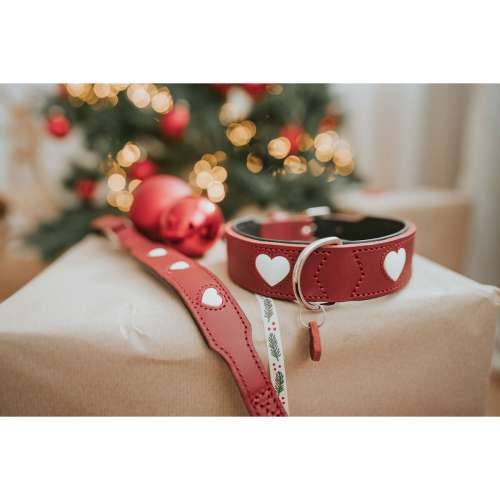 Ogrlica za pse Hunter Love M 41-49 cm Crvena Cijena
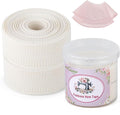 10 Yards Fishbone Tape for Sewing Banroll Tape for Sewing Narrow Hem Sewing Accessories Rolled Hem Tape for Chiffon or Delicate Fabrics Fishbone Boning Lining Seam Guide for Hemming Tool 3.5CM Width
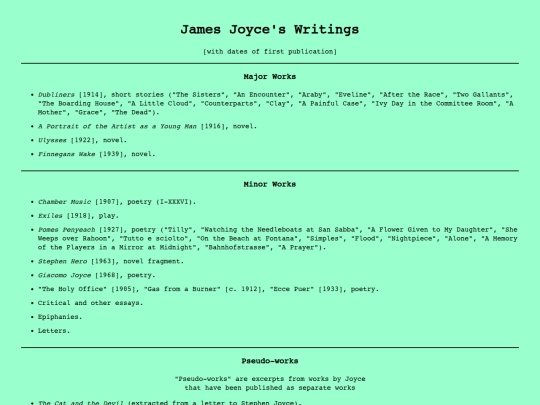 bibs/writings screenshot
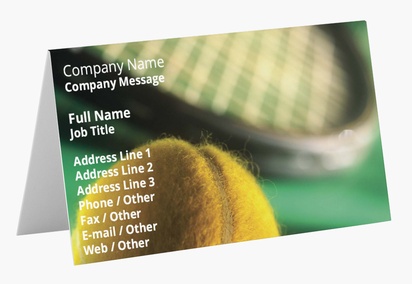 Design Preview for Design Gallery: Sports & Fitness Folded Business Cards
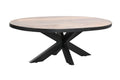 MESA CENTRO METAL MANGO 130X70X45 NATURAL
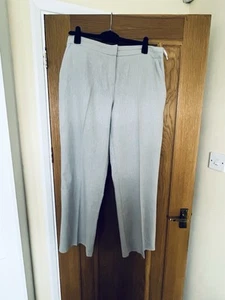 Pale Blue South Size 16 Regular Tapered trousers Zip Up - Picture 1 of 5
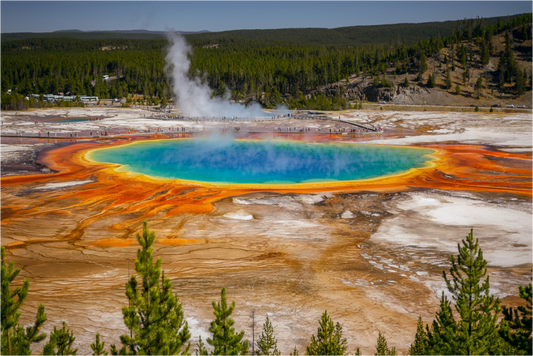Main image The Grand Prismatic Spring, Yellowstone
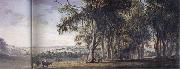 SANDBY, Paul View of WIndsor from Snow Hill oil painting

EXERCISE DETAILS:
Only an exact copy of the lines from the top of the entries through the line with "Design Preview for", both included, should be given, with all pictures omitted.

EXERCISE RESPONSE:
 Ogrlica za pse Hunter Love M 41-49 cm Crvena Cijena
 10 Yards Fishbone Tape for Sewing Banroll Tape for Sewing Narrow Hem Sewing Accessories Rolled Hem Tape for Chiffon or Delicate Fabrics Fishbone Boning Lining Seam Guide for Hemming Tool 3.5CM Width
 bibs/writings screenshot
 Design Preview for Design Gallery: Sports & Fitness Folded Business Cards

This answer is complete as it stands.